Stelios Haji-Ioannou, l’actionnaire principal d’easyJet, a toujours vu d’un mauvais oeil les commandes massives de la compagnie auprès d’Airbus. Mais la crise actuelle a rendu son opposition encore plus virulente et pourrait rendre ses actions plus efficaces. Après avoir en vain demandé le départ de l’un des directeurs non-exécutifs, il réclame désormais sa tête, celle du directeur financier et, toujours, l’annulation d’une commande pour 107 appareils de la famille A320neo.
Selon lui, ce contrat d’une valeur de 4,5 milliards de livres sterling (5,13 milliards d’euros) est « inutile », dans un contexte où la compagnie est immobilisée et devra prendre des mesures de réduction de sa flotte plutôt que d’augmentation. Par ailleurs, les échéances payables à Airbus vont avoisiner 1,35 milliard de livres dans les prochains mois, alors qu’easyJet aura désespérément besoin de liquidités. L’annulation du contrat permettrait de protéger la trésorerie du groupe et éviterait à la compagnie de recourir à « l’argent du contribuable » – easyJet a obtenu un prêt de 600 millions de livres auprès du gouvernement britannique au titre de la facilité de financement des entreprises face au covid-19 mise en place par le ministère des Finances et la Bank of England. Stelios Haji-Ioannou précise que lui-même n’injectera pas un penny dans la compagnie tant que le contrat restera en vigueur.
Il sous-entend que le refus d’easyJet de l’annuler et d’accéder à sa demande d’assemblée générale extraordinaire pour démettre Andreas Bierwirth, directeur non-exécutif qu’il juge trop proche d’Airbus, de ses fonctions vient du fait que la direction est impliquée dans l’ancienne affaire de corruption liée à l’avionneur.
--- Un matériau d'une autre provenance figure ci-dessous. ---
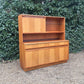 Mid Century G Plan Chevron Sideboard Drinks Cabinet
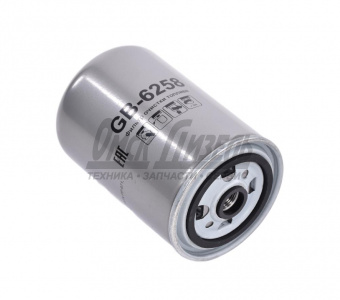 Фильтр топл ЯМЗ-650 BIG FILTER GB6258, (2) (возможная замена FT5610/WK940/20//FF-5470/650.1117075)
Il réclame désormais également la destitution d’Andrew Finlay, le directeur financier, et a de nouveau demandé le 8 avril l’organisation d’une assemblée générale.
Il souligne par ailleurs que, selon les estimations du Crédit Suisse, easyJet sera à cours de liquidités autour du mois d’août, puisqu’il prévoit un bilan négatif de 164 millions de livres en septembre. L’annulation du contrat Airbus permettrait de repousser cette échéance, qu’il juge déjà extrêmement optimiste. Accusant le groupe bancaire de complicité avec la direction, il souligne que cette estimation se base sur des prévisions irréalistes, à savoir que les vols reprendront au mois de juin, qu’easyJet réalisera 1,5 milliard de livres de chiffre d’affaires cet été, que toute la flotte sera de nouveau en service en octobre et que le bénéfice de 2021 dépassera celui de 2019. « C’est du pur fantasme », tranche-t-il, alors qu’on ignore encore les modalités de réouverture des frontières, que le comportement des passagers risque d’être complètement modifié et que la reprise interviendra avec l’arrivée de la saison hiver, la plus difficile.